Exercise:
Would it be possible to copy exactly the lines from the one containing "突发低热头晕：低热,头晕" to the end of the entries, including both and nothing else?

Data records
BEGIN
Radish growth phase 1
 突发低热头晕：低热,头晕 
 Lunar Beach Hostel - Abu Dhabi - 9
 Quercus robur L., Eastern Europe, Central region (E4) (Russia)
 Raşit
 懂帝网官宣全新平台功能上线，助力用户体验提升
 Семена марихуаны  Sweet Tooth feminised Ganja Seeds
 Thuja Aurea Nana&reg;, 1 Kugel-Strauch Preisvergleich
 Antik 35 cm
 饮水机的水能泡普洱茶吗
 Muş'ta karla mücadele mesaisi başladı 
END
Output of the exercise:
 突发低热头晕：低热,头晕 
 Lunar Beach Hostel - Abu Dhabi - 9
 Quercus robur L., Eastern Europe, Central region (E4) (Russia)
 Raşit
 懂帝网官宣全新平台功能上线，助力用户体验提升
 Семена марихуаны  Sweet Tooth feminised Ganja Seeds
 Thuja Aurea Nana&reg;, 1 Kugel-Strauch Preisvergleich
 Antik 35 cm
 饮水机的水能泡普洱茶吗
 Muş'ta karla mücadele mesaisi başladı 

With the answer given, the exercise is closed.